Hacker News new | ask | show | jobs
by benbjohnson 1426 days ago
LiteFS author here (also Litestream author). I'm happy to answer any questions folks have about how it works or what's on the roadmap.
9 comments

Very cool. I've been working on CRDTs for SQLite to allow for conflict-free replication. Its still super early but I have a prototype that works and, if you're up to it, I would love to pick your brain on the details of sqlite WALs and journaling.

https://www.loom.com/share/0934f93364d340e0ba658146a974edb4

Right on, I always thought a CRDT SQLite database would be awesome. I thought about looking at the session extension[1] to handle the merges but I didn't get very far into it.

Feel free to ping me at benbjohnson@yahoo.com if you want to chat WAL & journaling. I think it'd be difficult to implement CRDT at the journal level since it's all physical pages. Merging data in pages is going to sometimes cause splits and that'll be hairy to deal with.

[1] https://www.sqlite.org/sessionintro.html

that was my assumption but it's been suggested a few times to implement it there. Nice to hear some validation that that isn't a great spot.
Why a fuse filesystem instead of just using sqlite's vfs features? FUSE adds an extra user-kernel-user context switch which is expensive compared to a quick user-user call for the vfs drivers.
I was going to raise that point exactly.

As someone who spends an awful amount of time using FUSE, my recommendation is to only use it in cases where the software that interacts with the file system isn't easily changeable. For example, for Buildbarn which I maintain (https://github.com/buildbarn/bb-remote-execution), I need to use it. It's infeasible to change arbitrary compilers and tests to all interact with a network distributed build cache. Designing the FUSE file system was a pretty heavy investment though, as you really need to be POSIXly correct to make it all work. The quality of implementations of FUSE also varies between OSes and their versions. macFUSE, for example, is quite different from Linux FUSE.

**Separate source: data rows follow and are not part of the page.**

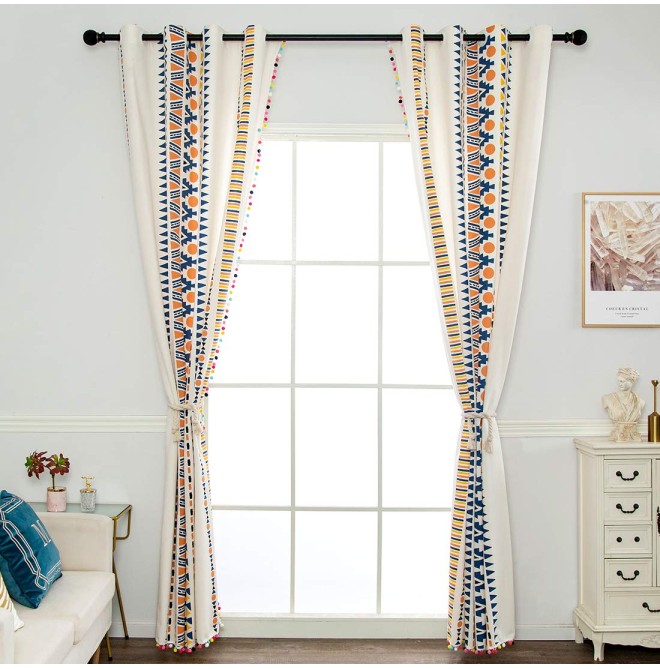 Bohemian cotton and linen colorful curtains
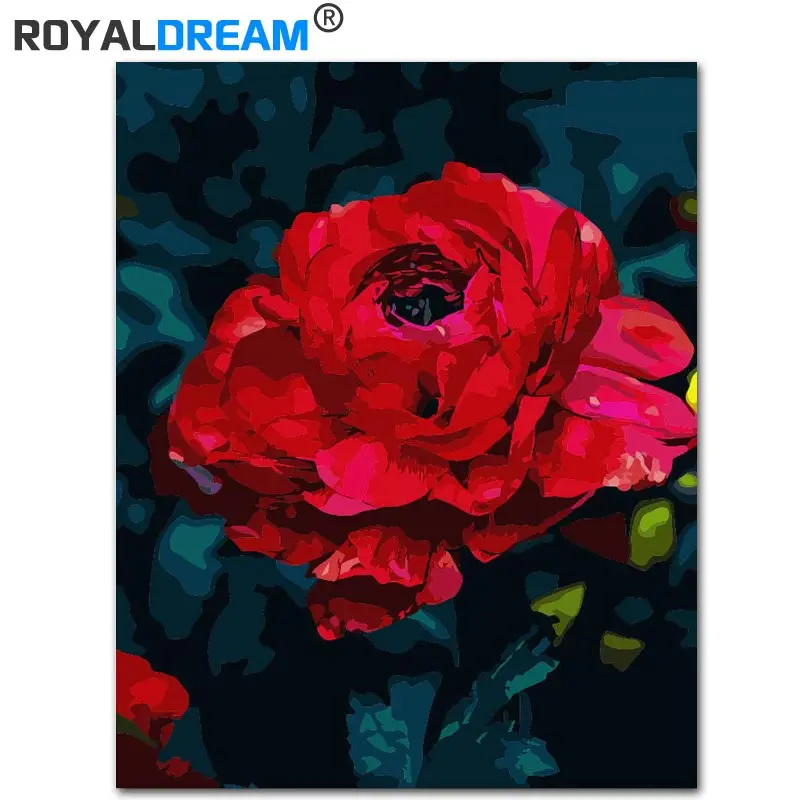 

ROYALDREAM Red Rose DIY Painting By Numbers Kits Coloring Paint By Numbers Modern Wall Art Picture Gift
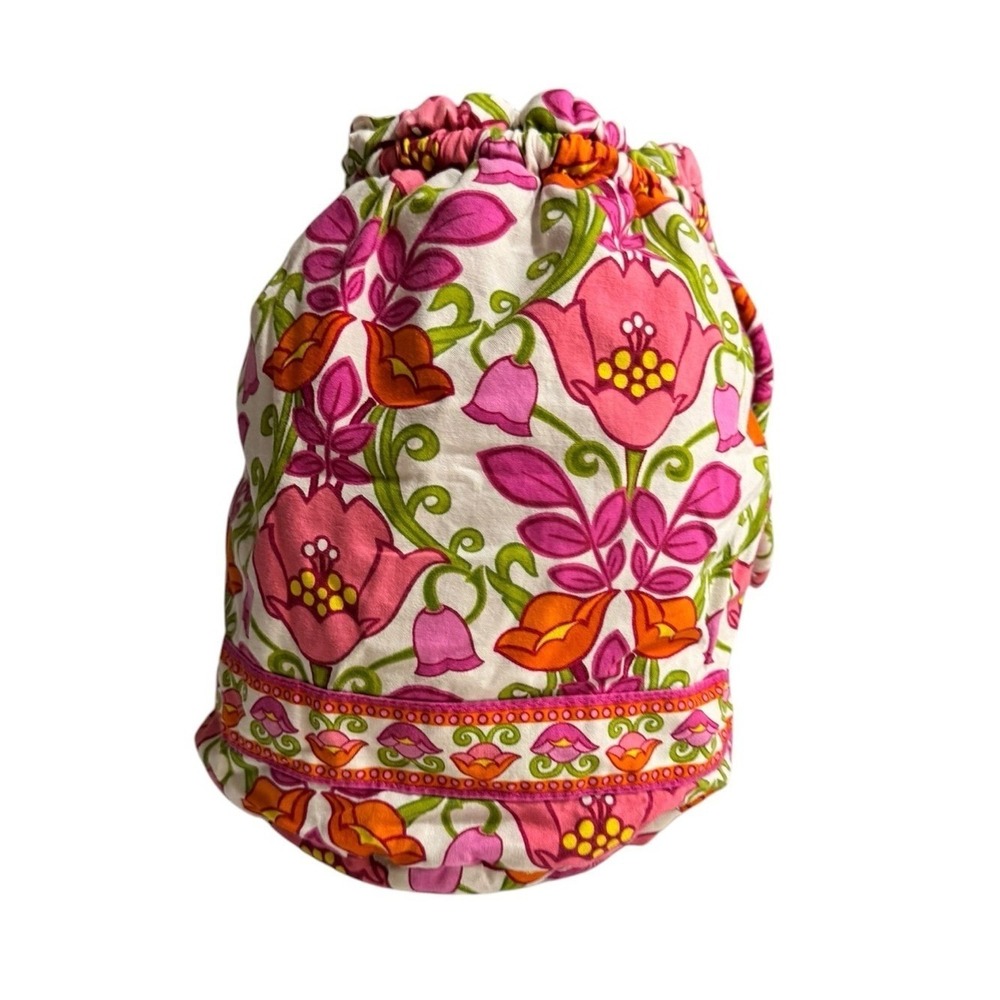 Vera Bradley Ditty Bag Lilli Bell Lined Cinch Tote Drawstring Retired Pink - Picture 2 of 5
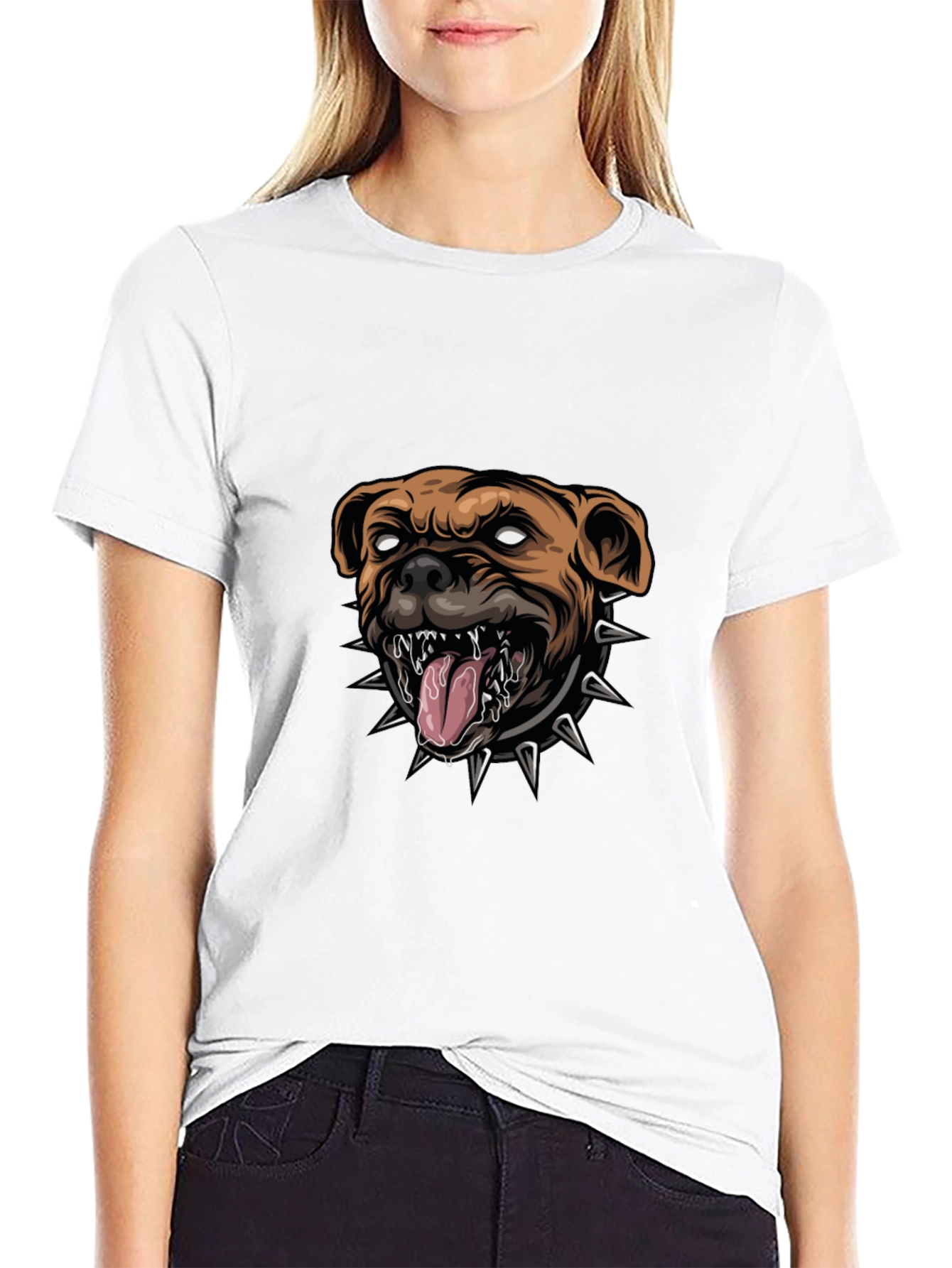 Mens Black T-Shirt with Bulldog Graphic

Given that SQLite already has all of the hooks in place, I would strongly recommend using those. In addition to increasing portability, it also makes it easier to set up/run. As an example, it's pretty hard to mount a FUSE file system inside of a container running on Kubernetes without risking locking up the underlying host. Doing the same thing with the SQLite VFS hooks is likely easy and also doesn't require your container to run with superuser privileges.

The VFS system is great and I plan to support that as well. SQLite is simple to get started with but it can be complicated to integrate a VFS depending on the language using. My goal is to make the deployment as simple as possible and also to support legacy applications.

There's some interesting work I'm looking at with the VFS and WASM where you could deploy something like this across pure serverless functions like Vercel or Deno.

It just so happens that I am working on a versioned file system for sqlite based on its VFS interface. Planning to release it in a week's time. It will be in pre-alpha stage and its more of a proof-of-concept.

Having worked with FUSE in the past, there is always some performance penalty, but the advantage is that there is no change in the application.

The VFS will need change in the application but less overhead. Trade-offs!

Would doing the VFS thing require participating applications to be linked to a LiteFS library?
That's a good question. I thought that was the case but I just double checked and it looks like you can load a VFS as an extension [1].

[1] https://www.sqlite.org/loadext.html

I can confirm that it does. I am working on it as I write this :).

Technically, an extension and VFS are separate things.

An extension when loads, allows you to register the VFS with the Sqlite. It can also register virtual tables as well.

Thanks for sharing this!

As WAL'd sqlite on networked filesystems is a no-go, once LiteFS gets wal support I think this will be a savior software for many operators with existing sqlite deployments.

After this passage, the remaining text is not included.